▸ **Source material**
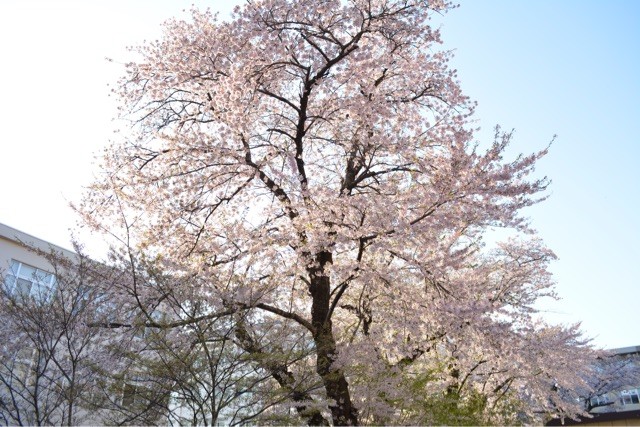 f:id:MATSU:20150423191535j:plain f:id:MATSU:20150423191535j:plain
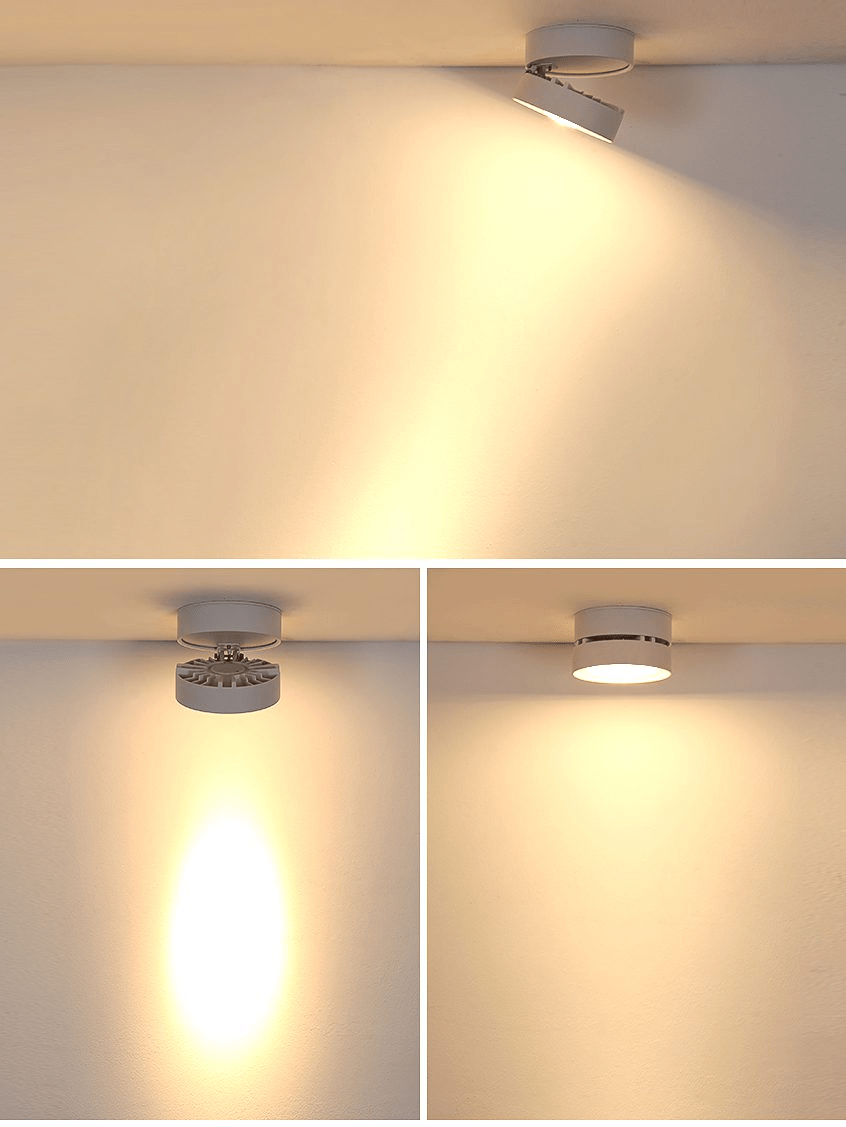 Round Rotating LED Downlight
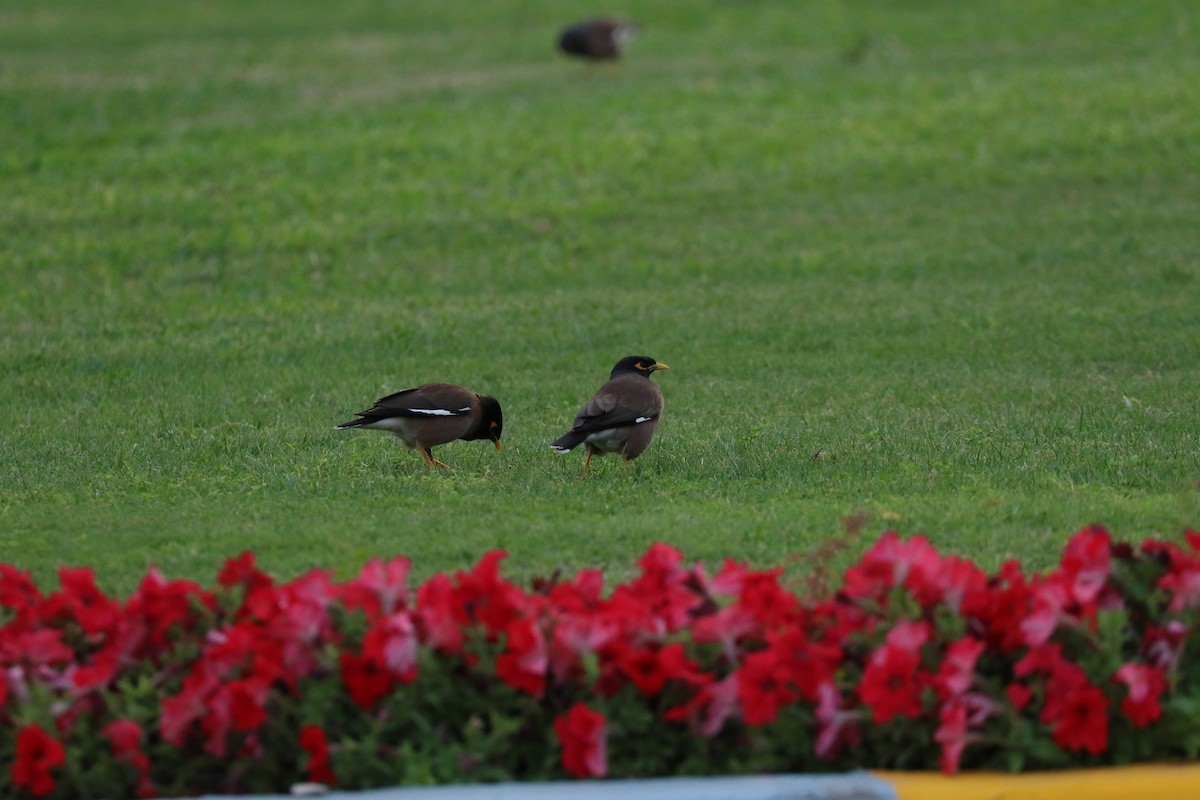 Common Myna - Aurélie  Jambon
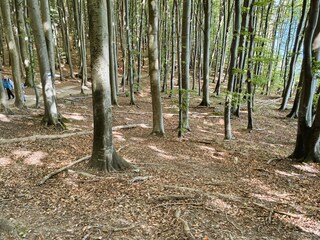 Der wunderschöne Buchenwald.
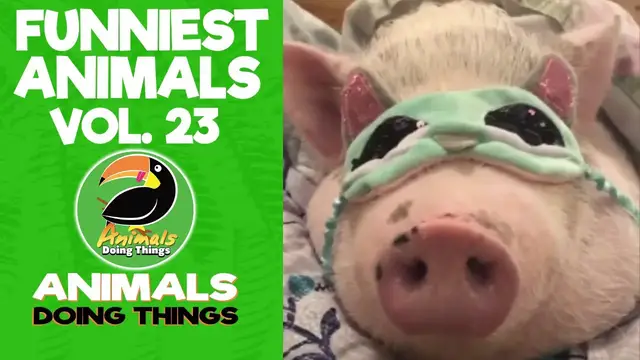 'Video thumbnail for Funny Animals Vol. 23 | Animals Doing Things'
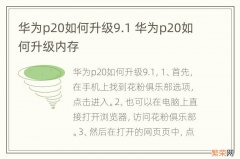 华为p20如何升级9.1 华为p20如何升级内存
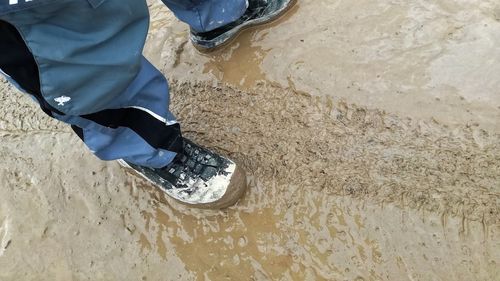 Noroiul scos de pe șantiere, una dintre marile probleme ale Timișoarei / ”E clar e nevoie de investiții în oraș, private și publice, dar e nevoie și de responsabilitate din partea constructorilor”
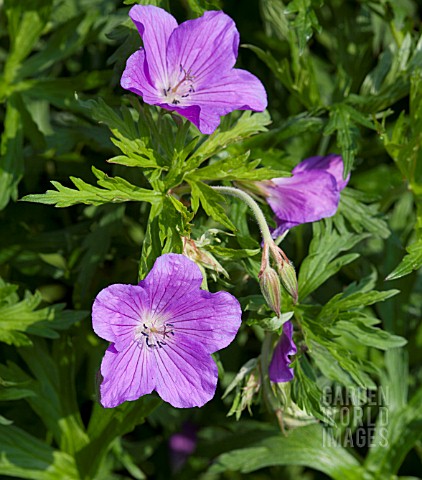 GERANIUM_KASHMIR_BLUE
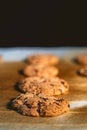 Cookies fresh from the oven. Homemade Cookies fresh from the oven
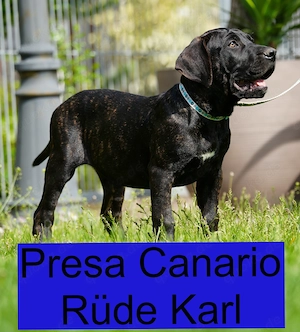 Top Wach-Schutz- und Familien Hunde Presa Canario Made in Deutschland Bild 5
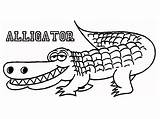 Alligator Coloring Pages Crocodile Drawing Printable Outline Alligators Florida Cute Color Print Kids Gators Line Gator Book Toddlers Getdrawings Names sketch template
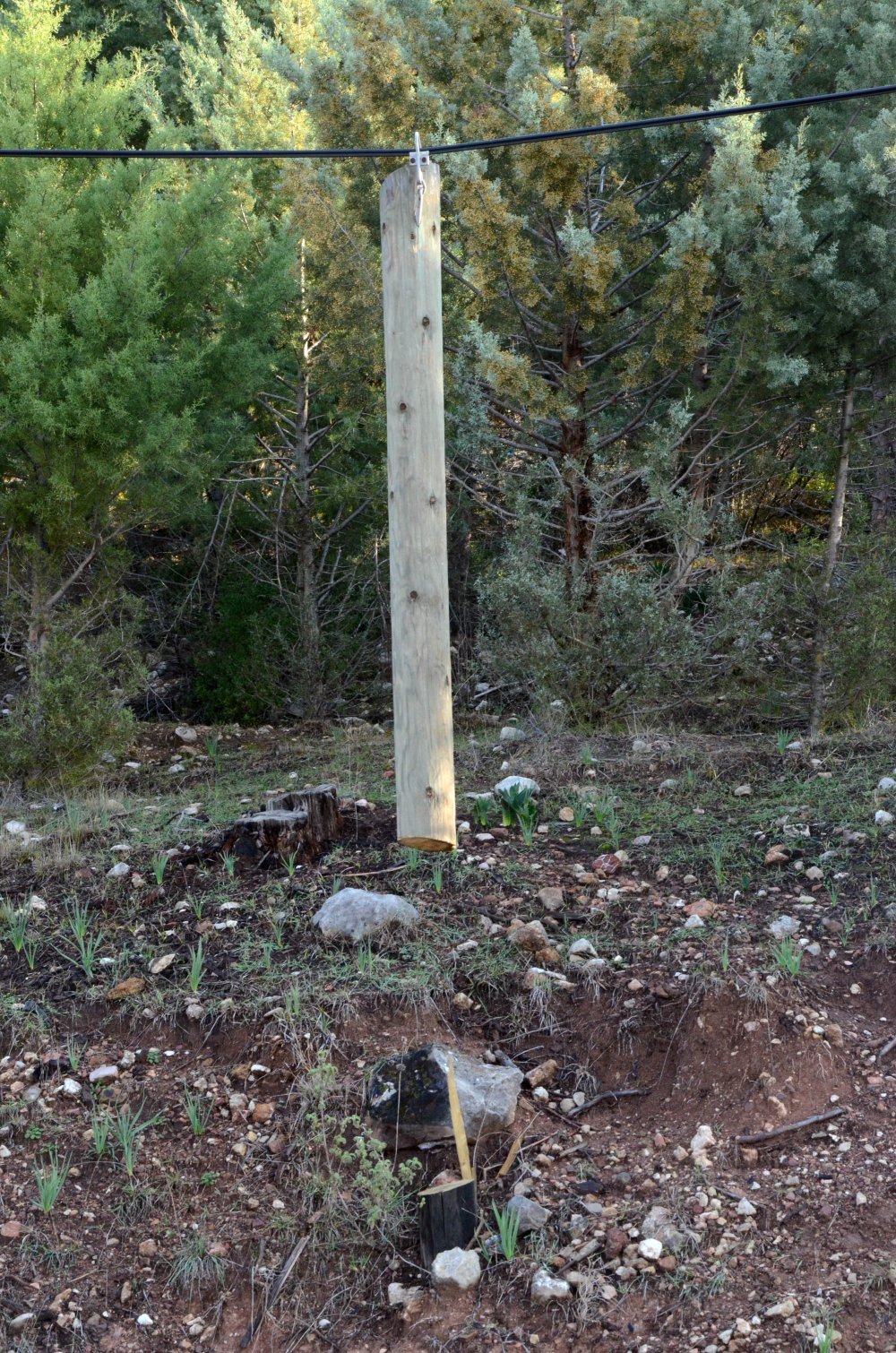 Antalya'da şaşırtan hırsızlık; ahşap direkleri ortadan kesip çaldılar
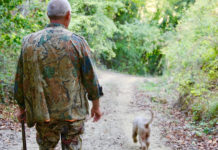 Approvato il piano faunistico-venatorio delle Marche piano faunistico-venatorio delle Marche: cacciatore di spalle dietro a cane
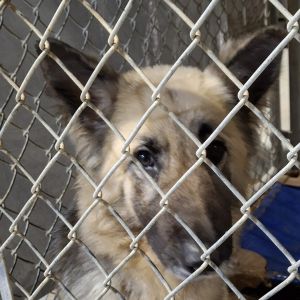 Freya 2025 German Shepherd Dog Dog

▸ **Try it**
In the listing above, find the line containing "华为p20如何升级9.1 华为p20如何升级内存" and the line containing "Alligator Coloring Pages". Print those two lines and every line between them exactly, with no pictures.

▸ **Answer to this task**
 华为p20如何升级9.1 华为p20如何升级内存
 Noroiul scos de pe șantiere, una dintre marile probleme ale Timișoarei / ”E clar e nevoie de investiții în oraș, private și publice, dar e nevoie și de responsabilitate din partea constructorilor”
 GERANIUM_KASHMIR_BLUE
 Cookies fresh from the oven. Homemade Cookies fresh from the oven
 Top Wach-Schutz- und Familien Hunde Presa Canario Made in Deutschland Bild 5
 Alligator Coloring Pages Crocodile Drawing Printable Outline Alligators Florida Cute Color Print Kids Gators Line Gator Book Toddlers Getdrawings Names sketch template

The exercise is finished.